Tareq et Samiullah, deux jeunes Afghans, sont venus témoigner de leur parcours. Tous les deux sont arrivés très jeunes en France, vers 14 ans, après un périple de plusieurs milliers de kilomètres, qu’ils ont parcouru seuls et à pied. Tareq a intégré une classe UPE2A (Unité Pédagogique pour Élèves Allophones nouvellement Arrivés) à son arrivée, pour ensuite faire une formation d’installateur thermique. Aujourd'hui, il est en stage dans une entreprise au nord de l’Alsace. Quant à Samiullah, après avoir suivi une formation dans le commerce, il est maintenant en contrat avec une célèbre enseigne de vêtements en tant que vendeur. 

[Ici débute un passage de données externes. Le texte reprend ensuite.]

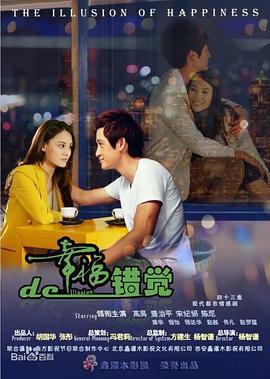 天国泪 (2014)海报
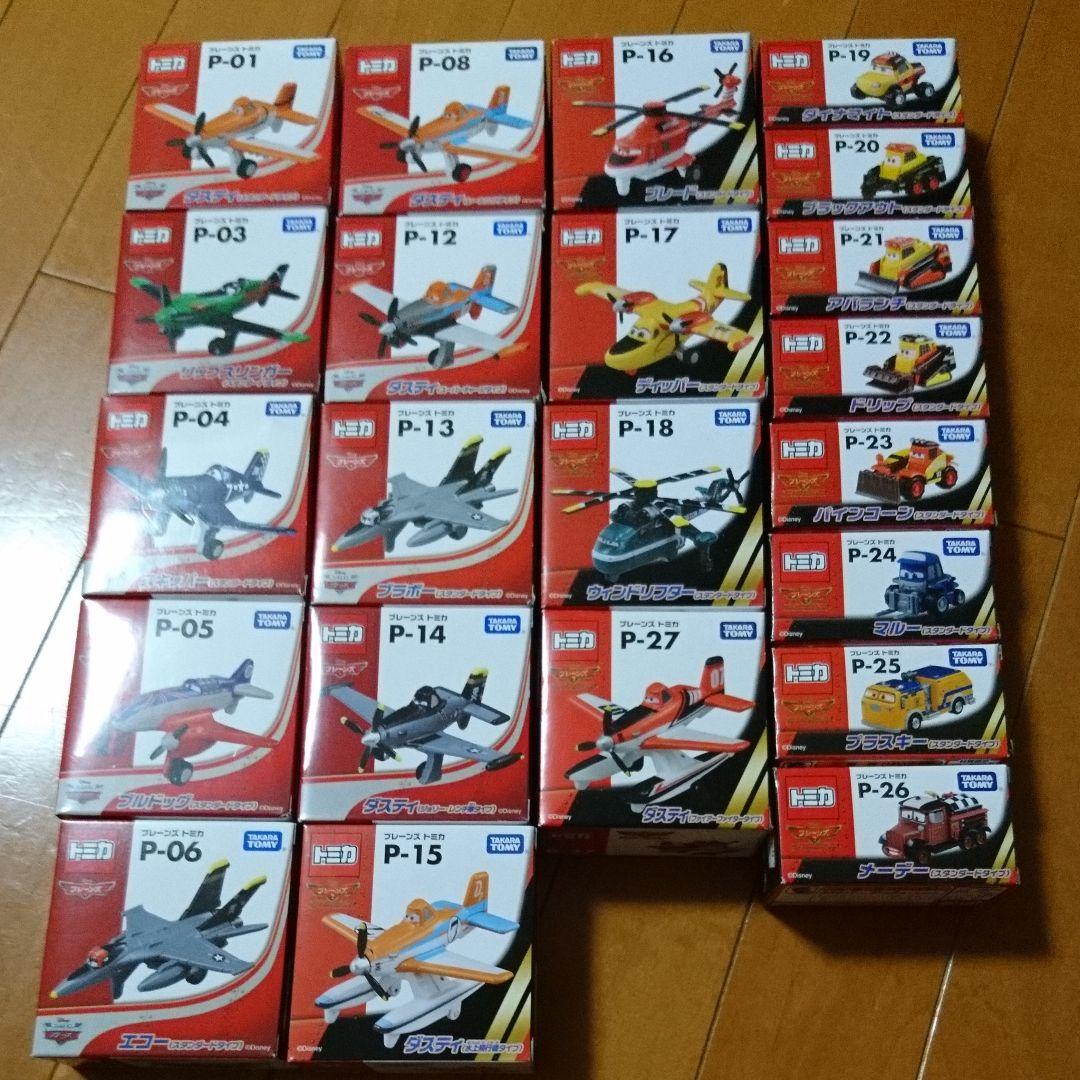 トミカプレーンズ 22台セット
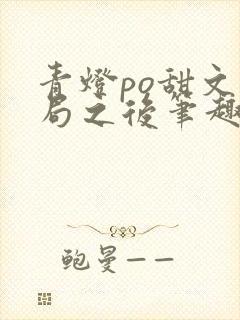 青灯po甜文结局之后笔趣阁封面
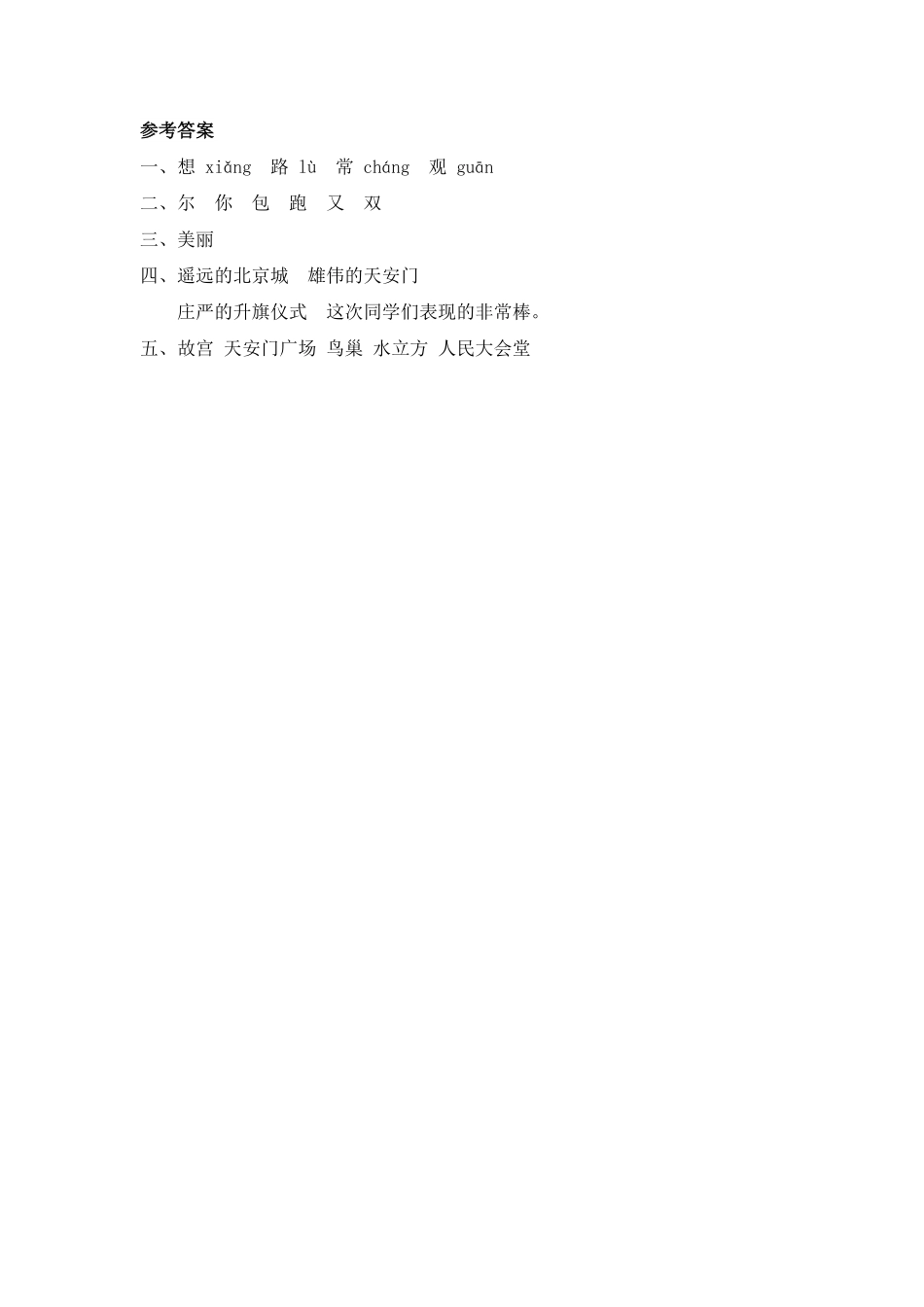 有答案-人教部编版一年级语文下册2我多想去看看.pdf_第2页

Une des missions les plus importantes est "de réaliser un parcours d’insertion et d’intégration, en deux à trois ans en moyenne", détaille Ludovic Marechal. En effet, l'âge moyen d’arrivée de ces jeunes est d’environ 16 ans pour les garçons, et de 13 ans pour les filles. L’objectif est de permettre aux MNA de s’insérer et de s’intégrer avant leur majorité. Convaincue de l’enjeu que représentent l'intégration et l'insertion, la CEA a lancé un appel à projet pour faciliter ces objectifs. Quatre modules de formation seront proposés sur quatre thèmes différents : "Les valeurs de la France", "La place de la femme", "La laïcité" et "Qu’est-ce que l’Alsace". Le dispositif devrait être lancé en septembre prochain. 

Et l'État dans tout ça ? 

Le Président de la CEA entame sa prise de parole en rappelant très rapidement que : “Les collectivités départementales sont compétentes en matière de protection de l'enfance”. Malgré les difficultés rencontrées, Frédéric Bierry reste très attaché à cette compétence et à cette mission : “Les départements disposent d’une véritable expertise en la matière”. Cependant, le soutien de l'État reste trop faible selon lui. Sur les 22,4 millions alloués aux MNA, l'État participe à hauteur de 600 000 €. “On a besoin d'une contribution financière de l'État", argue Frédéric Bierry, avant de continuer : "Les mineurs non accompagnés, cela représente 22 millions d'euros. Aujourd'hui, moi je considère que ce sont des mineurs étrangers qui relèvent de la politique migratoire de l'État". Après une fin d’année 2023, où les difficultés de trouver des logements se sont fait particulièrement sentir, la loi Taquet 2022, qui interdit le placement à l'hôtel des mineurs et jeunes majeurs confiés à l’aide sociale à l’enfance, a renforcé encore les exigences vis-à-vis des départements. Plus globalement, le Président de la CEA tire la sonnette d’alarme sur les accompagnements sanitaires et en soins manquants dans l’aide sociale à l'enfance en général.